Я молча впитывала каждую деталь. На стенах этого потайного коридора тоже висели гобелены; возможно, сюда отправили лишние до тех пор, пока они не понадобятся.
Мы шли достаточно быстро, и мне пришлось придерживать юбки, чтобы не споткнуться о них, потому что они обматывались вокруг лодыжек, но все же не настолько быстро, чтобы я не могла рассмотреть сцены на гобеленах. Один был украшен изображениями посаженных на кол людей, кричащих от боли и ужаса. На другом был лес мертвых, кровь стекала из пронзенных ртов жертв. Еще один изображал мужчину, пирующего за столом, по которому расплескалось то ли вино, то ли кровь – сложно было понять. Я вспомнила, как Раду упоминал о том, что Влад Дракула макал хлеб в кровь своих врагов.
Меня пробрал озноб. Едва освещенный узкий проход с одной стороны и эти мрачные произведения искусства с другой стороны приводили меня не в лучшее расположение духа. В груди стало так тяжело, что мне захотелось вернуться обратно. Казалось, что этот зловещий замок с наслаждением вдыхает мой страх. Сердце мое забилось быстрее.

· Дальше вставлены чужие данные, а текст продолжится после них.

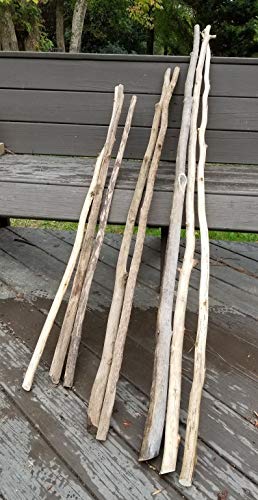 Driftwood Pole 3 Foot Long (4Pack)- Beautiful Vase Or Crafting Decor - Hard To Find, Hand Picked, Wedding, Venue Decor, Macrame #TOP2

Внезапно Иляна остановилась, и если бы я не заставляла себя внимательно смотреть вперед, то налетела бы на нее и мы обе растянулись бы на полу.
Я нахмурилась при виде того, как все краски исчезают с ее лица. Руки Иляны были заняты пустым подносом, и потому она кивком указала вперед.
– Молдовеану.
– Что? Где?!
– Тс-с-с! Там, – она указала на часть гобелена, где аккуратно был срезан кусочек. Я бы ни за что не заметила этой дырочки, если бы не знала, куда смотреть. Наверное, слуги таким образом выглядывают в основные коридоры, прежде чем выйти в них. По спине моей скользнул неприятный холодок. Мне не нравилась мысль о том, что и у стен могут быть глаза. – Смотрите через гобелен.
Я осторожно подошла поближе, стараясь не потревожить тяжелую ткань, скрывающую нас от Молдовеану. Только бы половицы не заскрипели и он не услышал, как громко бьется мое сердце!
Директор был поглощен весьма бурной дискуссией с кем-то, хотя, похоже, в основном говорил именно он. Он так быстро говорил по-румынски, что я с трудом могла поспевать за беседой.
Мутное зеркало, висящее в дальнем конце этого коридора, позволяло уловить выражение его лица. Когда Молдовеану резко покачал головой, его длинные серебряные волосы сверкнули, словно пронесшееся лезвие гильотины. Я никогда не видела настолько сурового во всех смыслах этого слова человека.
Иляна тихонечко мне переводила.
– У меня моя работа, а у вас – своя. Не заходите слишком далеко!
Я напряглась, чтобы увидеть, кто стоит за Молдовеану, но длинное черное одеяние и руки директора – он стоял подбоченившись – заслоняли второго участника разговора.
– У нас есть основания полагать, что это повторится вновь. Здесь. – Сиплый голос его собеседника застал меня врасплох. Было в нем что-то очень знакомое. – Члены королевской семьи получили… сообщения. Угрозы.
– Какие?
– Рисунки. Смерть. Стригои.
Молдовеану сказал что-то, но ни я, ни Иляна этого не расслышали.
– Жители селения нервничают. – Вновь этот низкий мужской голос. – Они знаю, что в теле не было крови. Они думают, что и замок, и леса прокляты. Тело из поезда тоже вызывает… беспокойство.
Я зажала рот рукой, чтобы удержать рвущийся вскрик удивления. Мне больше не надо было видеть того, с кем разговаривал Молдовеану; я знала этот голос, хотя слышала его всего однажды. И уже видела эти острые глаза, способные взглядом рассечь человека надвое.